Directions for this task:
Every line below from the one with "Western Blot analysis of RGS2" through the one with "モイストゲルクレンジング/R" should be retyped exactly, both ends included; no other lines and no pictures.

Source data:
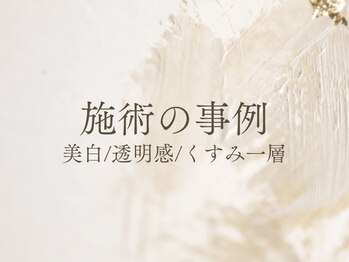 白雲木/施術の事例　美白/透明感/くすみ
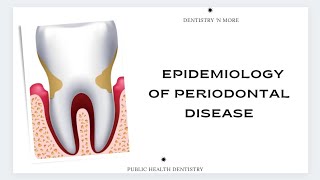 EPIDEMIOLOGY OF PERIODONTAL DISEASE [upl. by Julia]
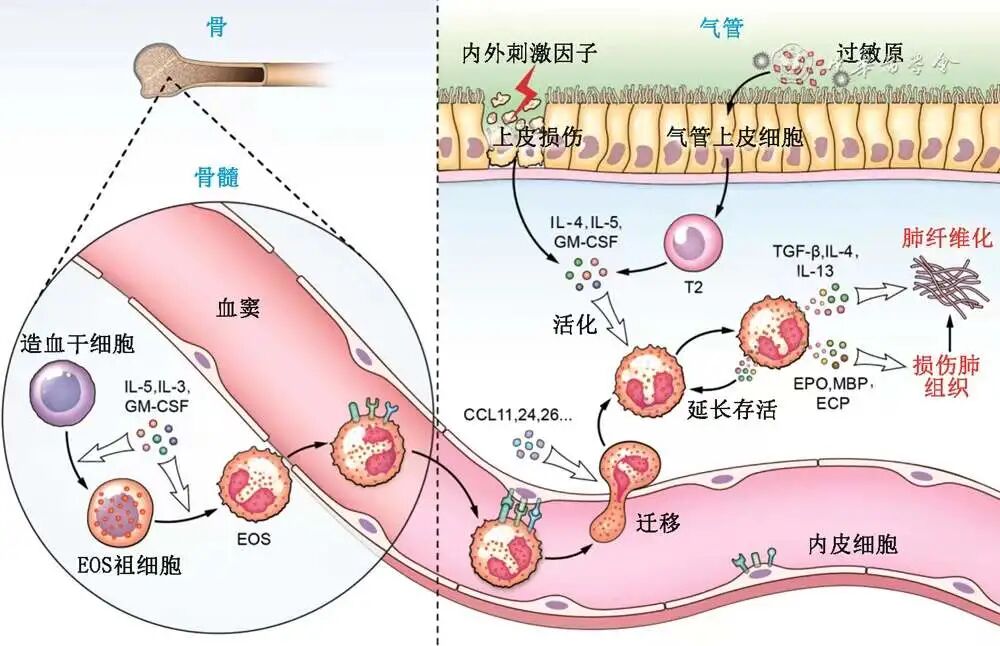 abp在医学是什么意思标准与规范丨嗜酸粒细胞增多相关性肺疾病诊疗中国专家共识_https://www.jmylbn.com_新闻资讯_第6张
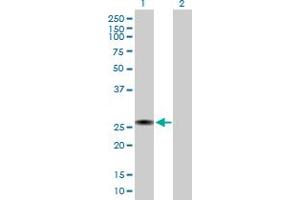 Western Blot analysis of RGS2 expression in transfected 293T cell line by RGS2 MaxPab polyclonal antibody. (RGS2 anticorps  (AA 1-211))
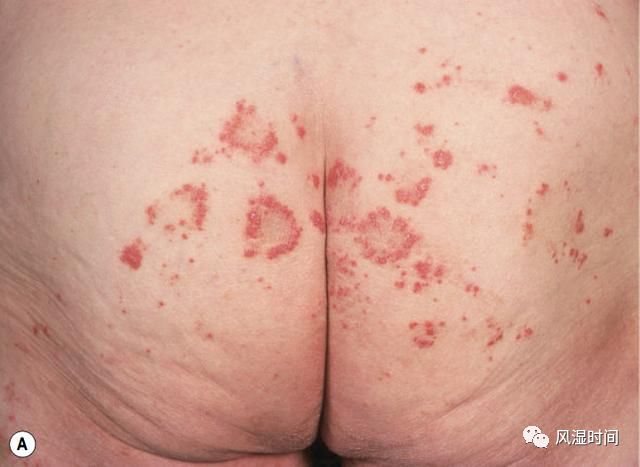 面板紫癜各不同_腎內時間- 微文庫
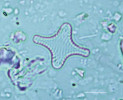 Příklady schránek (valv) druhů rozsivek, které v Komořanském jezeře dominovaly v různých obdobích jeho historie. Spodní a střední holocén – S. construens. Snímky z optického mikroskopu, délka měřítka 5 μm. Foto A. Tichá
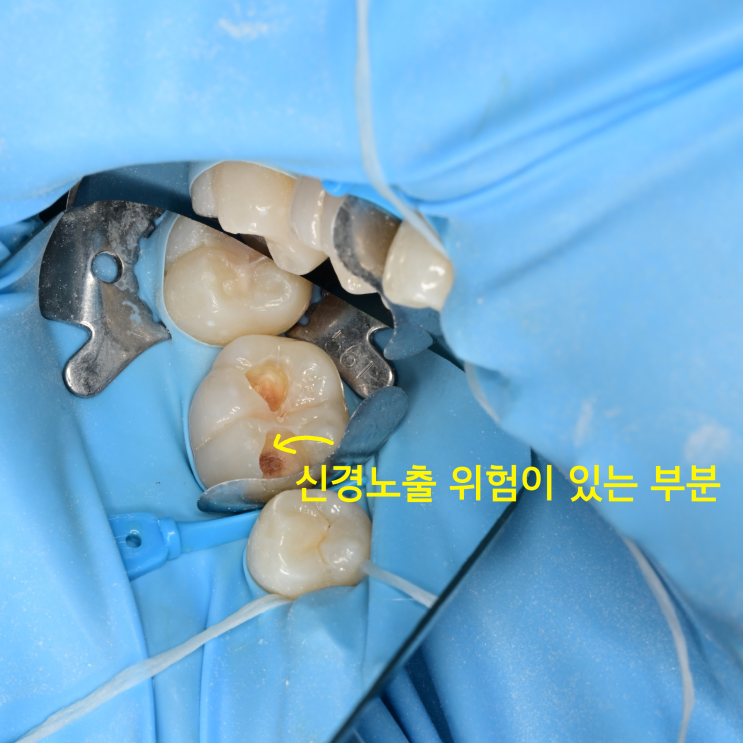  "신경치료는 피하고 싶어요" 13세 아이의 인접면 충치, 최소삭제 레진 빌드업 치료 사례
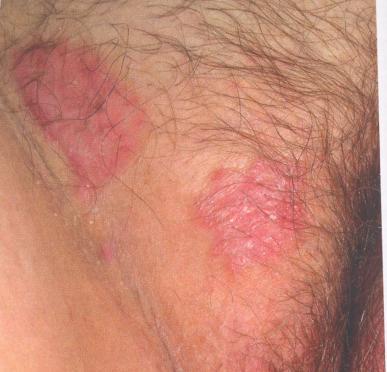 Psoriasis Obstetric and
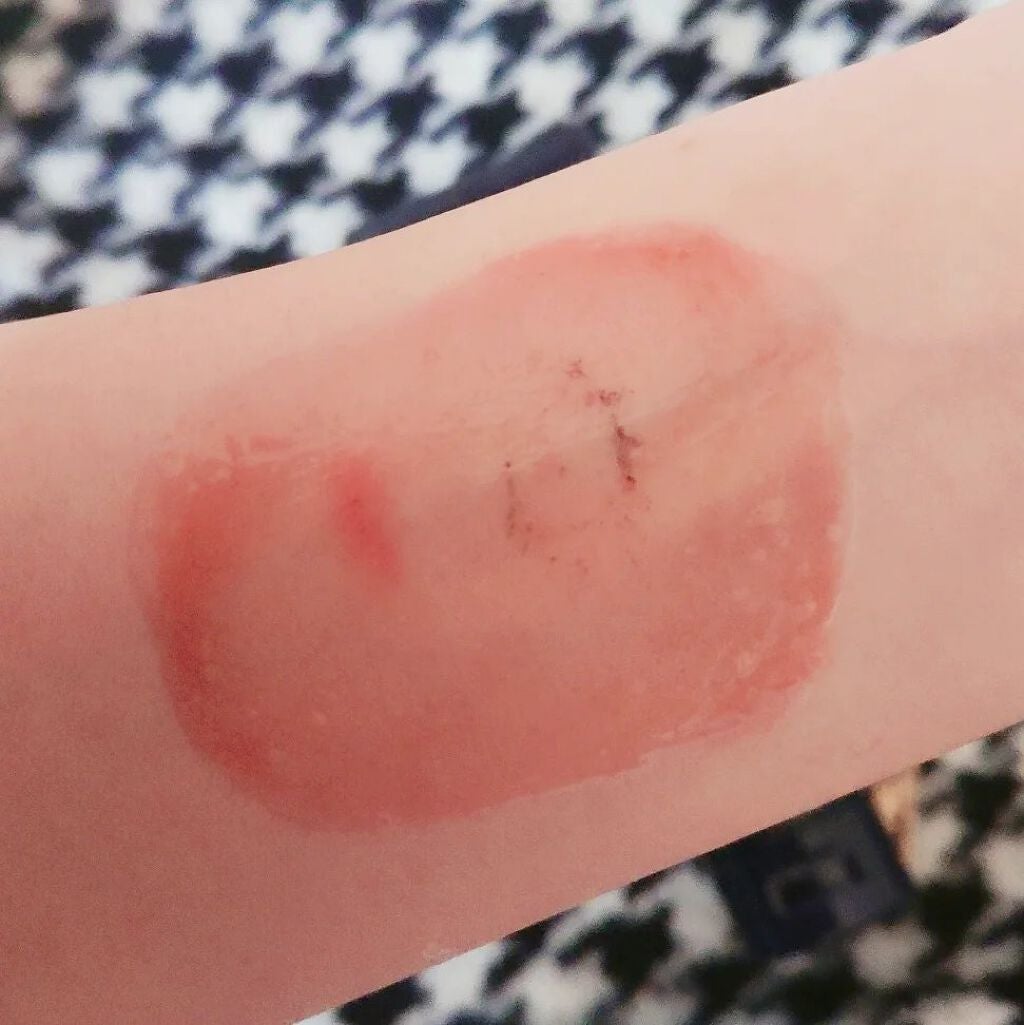 モイストゲルクレンジング/Re dermalab/クレンジングジェルを使ったクチコミ(6枚目)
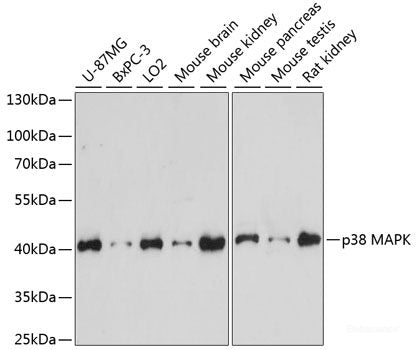 Western blot analysis of extracts of various cell lines using B4GALT4 Polyclonal Antibody at dilution of 1:1000.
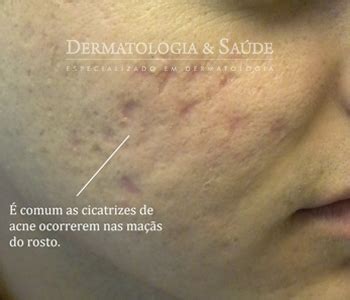 Cicatrizes De Acne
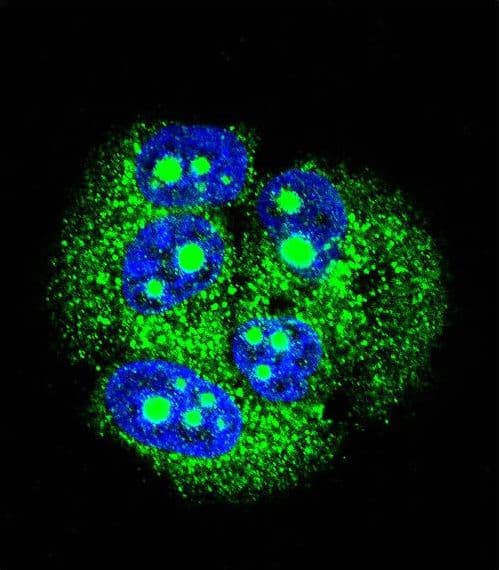 MBD3L3 Antibody (aa156-184)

Output of the task:
 Western Blot analysis of RGS2 expression in transfected 293T cell line by RGS2 MaxPab polyclonal antibody. (RGS2 anticorps  (AA 1-211))
 面板紫癜各不同_腎內時間- 微文庫
 Příklady schránek (valv) druhů rozsivek, které v Komořanském jezeře dominovaly v různých obdobích jeho historie. Spodní a střední holocén – S. construens. Snímky z optického mikroskopu, délka měřítka 5 μm. Foto A. Tichá
  "신경치료는 피하고 싶어요" 13세 아이의 인접면 충치, 최소삭제 레진 빌드업 치료 사례
 Psoriasis Obstetric and
 モイストゲルクレンジング/Re dermalab/クレンジングジェルを使ったクチコミ(6枚目)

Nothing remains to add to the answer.